These assertions could be placed inside a function and marked as debug_assert. But the difference is that the documentation in fact is part of the function signature and the user can easily read these statements without having to examine the function code itself. Also, the compiler can actually add these assertions (converting them to debug_assert*) to the beginning of the unsafe function or call them in debug mode (but there is problem: what if assert contain mutation? I don't know).

In addition as variant 'partial invariants', which will indicate that their violation is guaranteed to lead to an error, but their observance does not guarantee the absence of errors.

The goal of this proposal is to improve the experience of using unsafe features.

This proposal is just an idea 'it would be nice...'. I don't know how many unsafe function in std and how hard to update them all.

ps Did I just invent contract programming?)

Many unsafe pre-conditions cannot be expressed as simple assertions. So this will be applicable less often than you think.

Many unsafe functions already use debug assertions for verifiable pre-conditions. But doing that for from_utf8_unchecked is problematic, since the assertions has an O(n) cost, while the function itself is O(1). So the assertion would impose an unacceptable performance overhead in many use-cases.

Still, I think adding a machine readable way to specify pre- and post-conditions (be they safe or unsafe) could be valuable.

6 Likes

I think this project goal may meet your requirement.
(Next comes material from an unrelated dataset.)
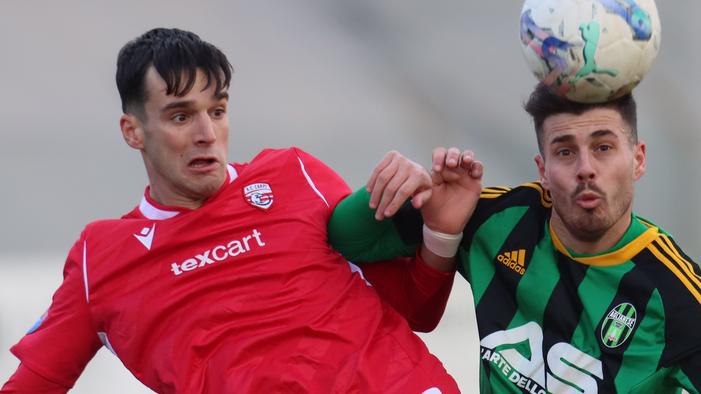 La Giana vince il recupero, Carpi a -14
Instrument the Rust standard library with safety contracts

Many libstd functions already have debug_assert checking these things.
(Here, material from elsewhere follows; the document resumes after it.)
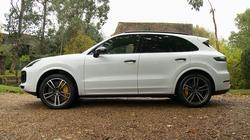 PORSCHE CAYENNE ESTATE S 5dr Tiptronic S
But doing that for from_utf8_unchecked is problematic, since the assertions has an O(n) cost, while the function itself is O(1)

Yes, but I talking about debug_assertion which doesn't added to release builds.
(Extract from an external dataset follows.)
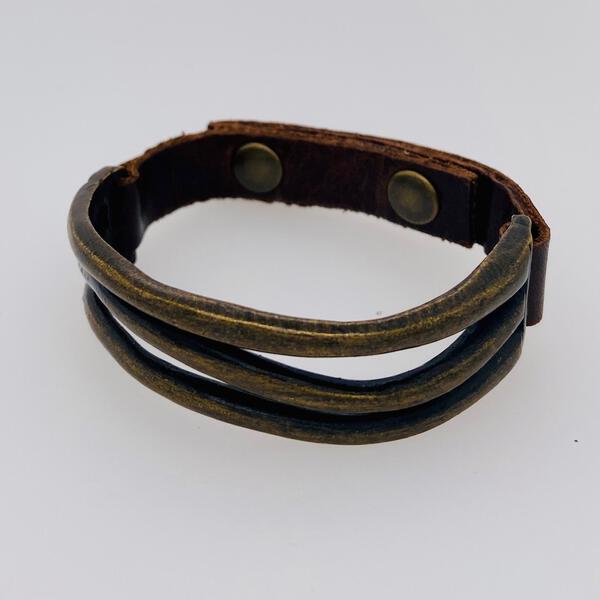 Narrow Metal Wave Leather Bracelet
Many unsafe functions already use debug assertions for verifiable pre-conditions.

The difference is whether these statements are exhaustive. That is, whether following these statements guarantees the correct operation of the function.

I think this project goal may meet your requirement. Instrument the Rust standard library with safety contracts

Contract programming is some different thing. It looks like not Rust way: type String incapsulate invariant about correct utf8 (and do it in imperative way). Therefore, we pass the String type instead of &[u8] with utf8 assertion.

I think such contraptions are probably harmful.

Many libstd functions already have debug_assert checking these things.

My proposal is not only about automatic validation. Putting assertions in the documentation also makes the feature easier to use.

It's considered too slow, even for debug builds.

1 Like

Not to mention, if the caller is interested, String::from_utf8 already exists. One could make their own cfg-dependent call to _unchecked when needed if the assertion is actually interesting. I believe this is the case with most _unchecked APIs: there is an associated checked API that can be called when enforcement is wanted.

1 Like